Imagine if dumping waste into a landfill were made obsolete by the year 2020. In Europe, that's the goal: landfill dumps will be a thing of the past. The goal is to:
  1. Virtually eliminate landfilling
  2. Have reuse and recycling at maximum feasible level— limiting energy recovery to recyclable waste
  3. Decrease waste generation
EU’s "waste hierarchy" establishes that authorities will focus on prevention first, followed by reuse. Then followed by recycling and energy recovery, then landfilling at the end.*

About 37% of Europe’s waste ends up in landfills. About 25% is recycled, 15% composted and 23% burned. These stats were recently included in a great piece on the subject of plastics and waste from the EurActiv brain trust.

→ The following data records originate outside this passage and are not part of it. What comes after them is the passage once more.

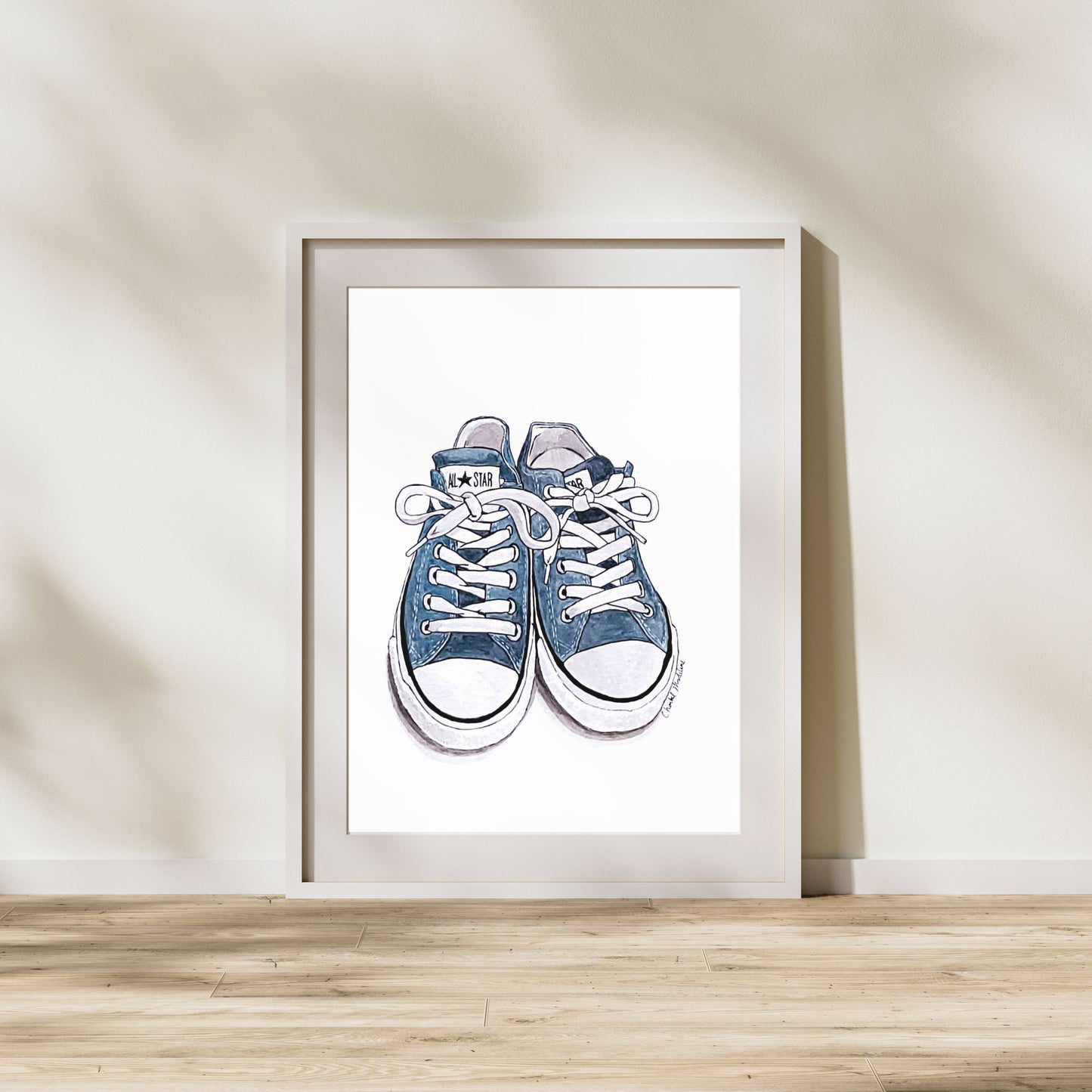 Blue all star converse shoes, Shoe lover art, Giclee print on fine art paper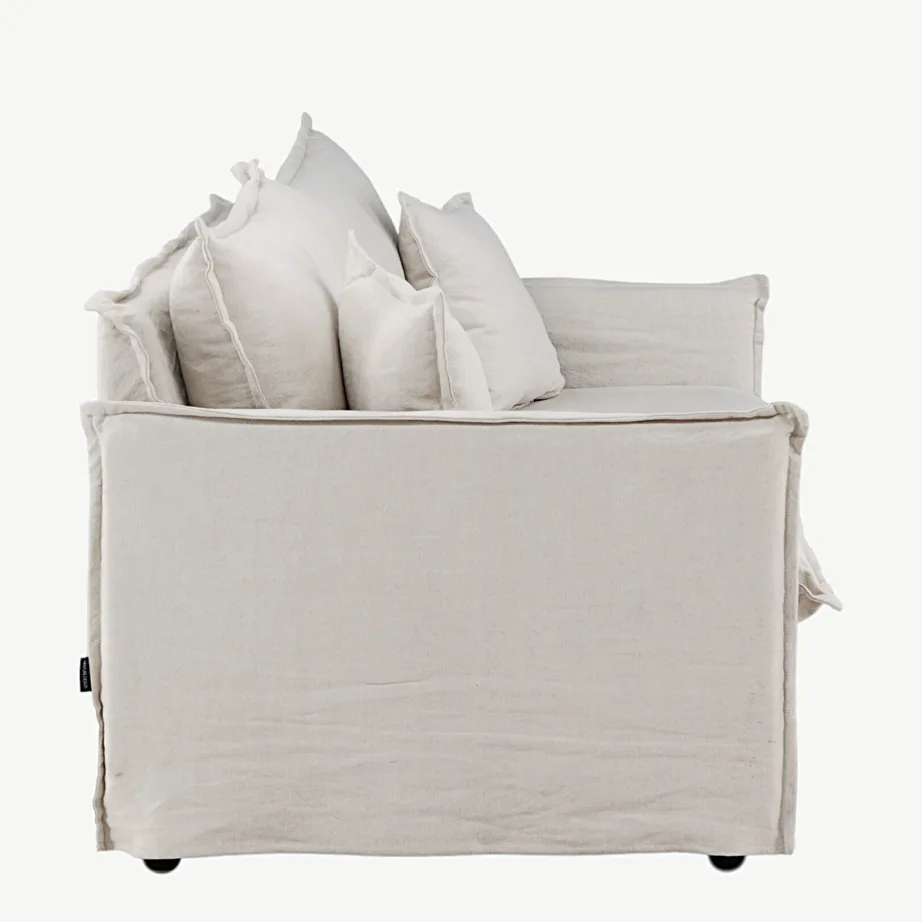 Beežist linasest kangast 3-kohaline diivan Nova (40% lina, eemaldatavad katted), 19947-256 – 2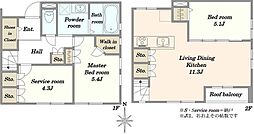 リムテラスコート桜新町一丁目 3LDKの間取図画像
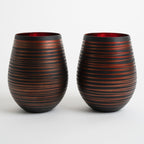 Black Swirl Stemless Glasses - Che Cose Belle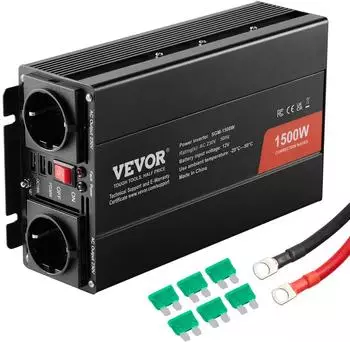VEVOR Wechselrichter Modifizierte Sinuswelle 1500W DC 12V AC 230V 2 AC 2 USB 1 Typ-C (SGM-1500W)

In the U.S., approximately 55% of our waste ends up in landfills. (It works out to over half of the estimated 251 million tons of consumer solid waste generated each year in America.)

Seeing the landfill half full?


Waste policy in Europe is aspirational, inspirational and appears to be on its way to succeeding. A new FAQ on WEEE, electronics waste directives, was published earlier this month. For an industry example, see this examination of plastics waste, published on April 28, 2014, as the EU gears up to review waste progress.

The EU is already having success managing waste. We'd be wise to see what works for them and try similar programs. For the record, visit the US EPA page on waste, see if you can untangle this: EPA approach to waste. It's gotten better. But that's the nicest thing I can think of to say about it.